Step 1:  Defined Your Application

Understanding well your application and process variable data required. 

This step is essential, and only you – the engineer of the end-user know what exactly you want. For a quick review of the specification, make a list for your check.

① Controlling 

• Temperature   
• Pressure 
• Flow Rate  
• Level

② Failure Safety Position

• Valve Close 
• Valve Open
• None

③ Medium Information

• Density
• Temperature
• Physical Properties

④ Process Pressure

• Maximum/Normal/Minimum Upstream Pressure
• Maximum/Normal/Minimum Downstream Pressure
• Maximum Drop Pressure
• Differential Pressure

⑤ Flow Rate 

Maximum/Normal/Minimum Flow Capacity

⑥ Valve Material 

⑦ End Connection Type

⑧ Which Power is available on the site, compressed air power, electricity, or non-power driving?

⑨ What’s the working environment? corrosive, hazardous area, dirty dust area, or atmosphere? 

⑩ For the control temperature function, setpoint fixed or variable temperature set for your case?

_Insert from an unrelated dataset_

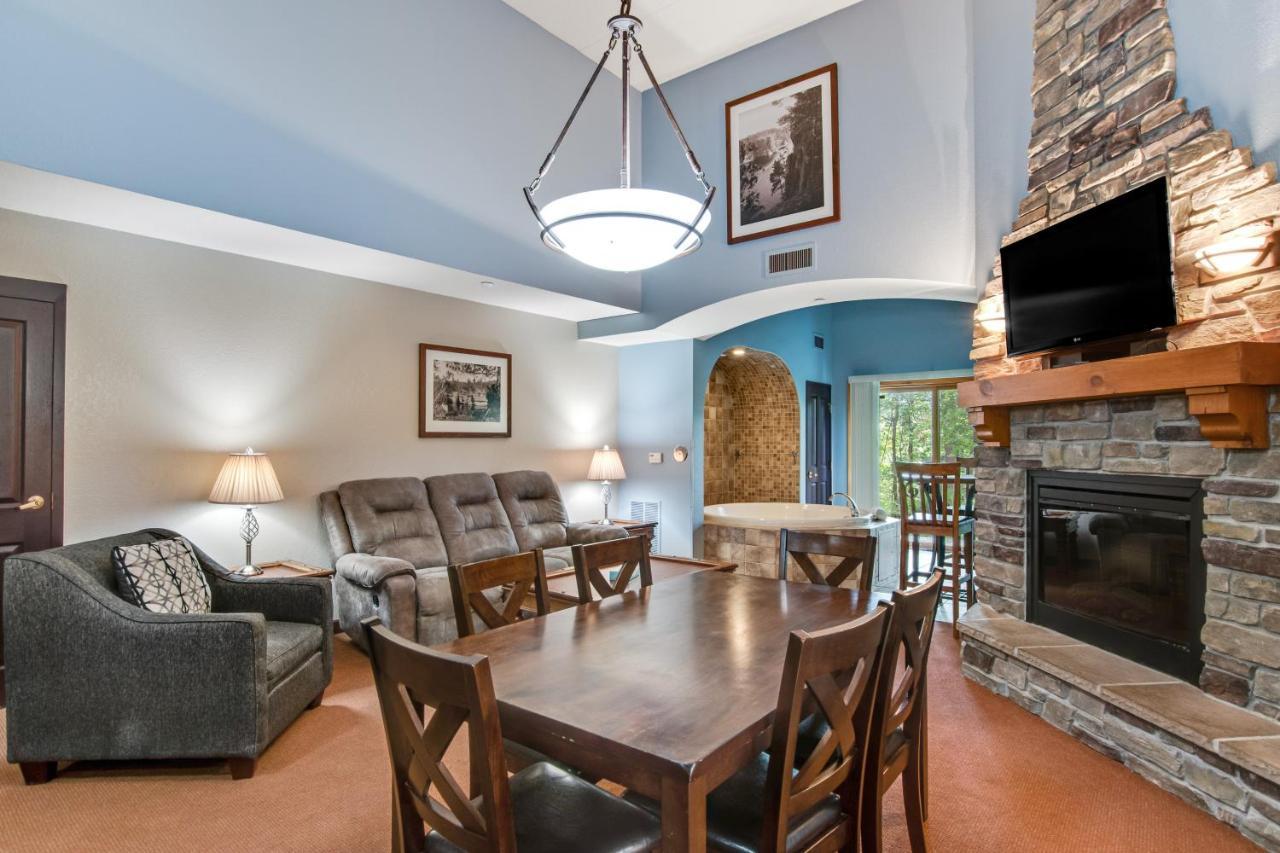 Chula Vista Unit #2145 Wisconsin Dells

Above ten questions need you to check carefully, and it will help you define your application well. The next step is to base the driving force you have in site on selecting control valves for the steam system. (You can refer to last step no.8 questions.)

Generally, the control valve is usually driven by electric power, compressed air, or no auxiliary power.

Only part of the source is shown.